On style, Romney began the night looking physically ill—looks ought to be secondary to facts, obviously, but his team might have considered putting more effort into concealing the dark saucers under his eyes or blending his complexion into something a bit less corpse-like. He did not avoid his trademark smirk or that odd, forced smile that constitutes his only apparent political emotion; from the beginning of the debate to the end, the peeved-looking grimace was his only constant. That said, Obama fared little better. If he had prepared for this debate, it did not show. At all. The moderator appeared to know less about each candidate's positions than almost any average citizen . . .

For my $.02, Romney may have "won the night," as has clearly been the mainstream media's narrative, but perhaps not for the reasons most of the punditocracy might suggest. Willard is a winner just by proving he could stand on a stage in the same room with President Obama without infuriating more than 10% of the population, all at once. Given his recent "performances," I have to admit that this was quite an accomplishment for the Romster Monster of Suck Tour 2012. I suppose he should feel good that it wasn't just another complete and total clusterfuck, which has characterized most of his campaign, since he won the GOP primary. It was only an averagely shitty performance for Romney.

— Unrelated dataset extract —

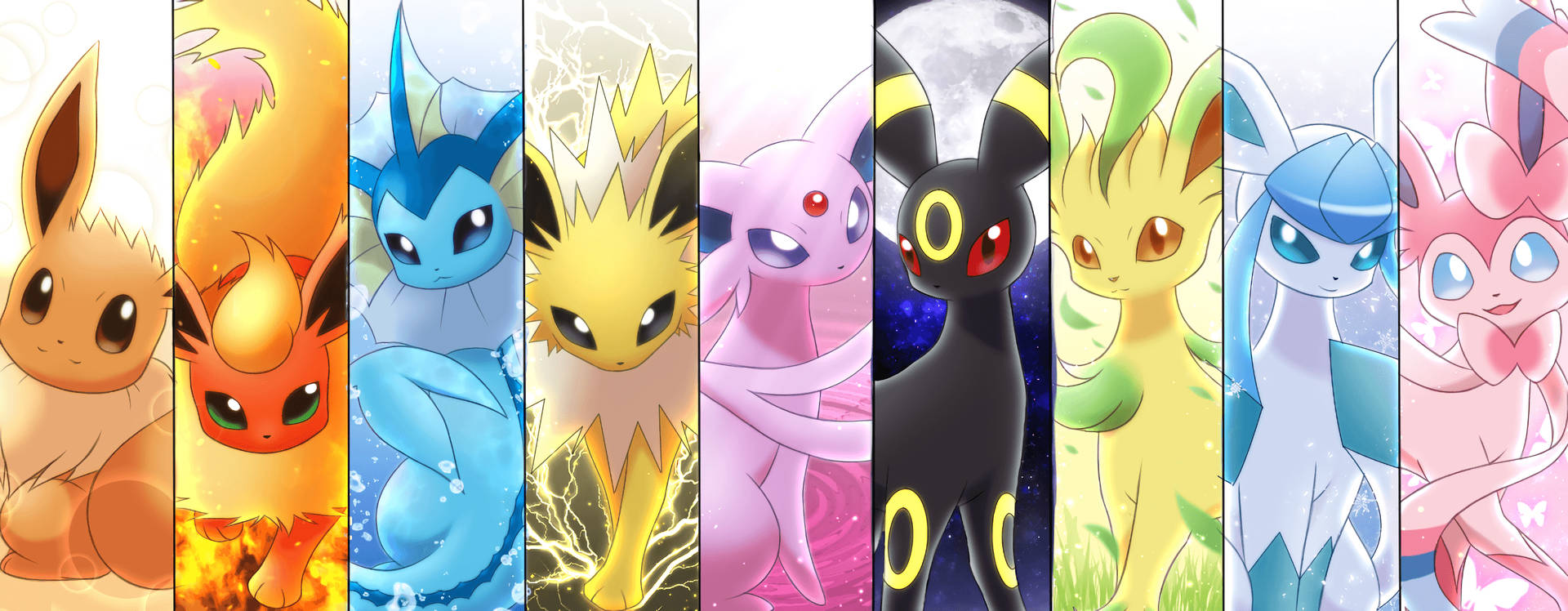 The Evolution Of Eevee Collage Background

The President, on the other hand, as Hunter says, wasn't much better. He seemed like a bored teenager forced to do something against his will, and as a high school teacher, I have some experience in these matters.

I rather picture the poor man being cajoled by the Davids . . . Axelrod and Plouffe . . . into actually showing up at the damned thing. "Come on, Barack, you have to go to the first debate . . . get off of your duff and let's get it over with."

The President looked bored, tuned out, and a little irritated most of the night, even when he foolishly grinned and nodded while Romney jabbed at him. Obama didn't spend much time correcting the Romster's many outright lies. If the President's been seeing even more recent polling than most of America has, and is 100% sure he's "got it in the bag," as long as he doesn't completely implode; I guess this blase, casual demeanor is the understandable, at least. It's possible that he's just running out the clock on the election, and is well aware that individual debates have rarely yielded earth-shattering results. I'm not sure that's necessarily a winning strategy in the long run, although I'll admit this single debate probably won't matter all that much on November 6th, really.

There was no "game-changing" moment for either side, and the general dynamics of the larger campaign are likely to remain more or less the same, i.e. Obama holding a modest lead nationally but absolutely clobbering Romney in the beknighted "Swing States."

As for my overall impressions. . . well by an hour into it I had become very sleepy. Listening to these two pols spout exactly the same tidbits of politicking that I expected to hear, with very little real or meaningful dialogue, just talking past each other, and making a sad mockery of Jim Lehrer (Romney mostly on that score) didn't give me any jolts of enthusiasm, nor even a two-minute hate for the GOoPers or anything.

It was just the same sad, banal kabuki dance this country does every four years.

I got tired and went to bed before it was over.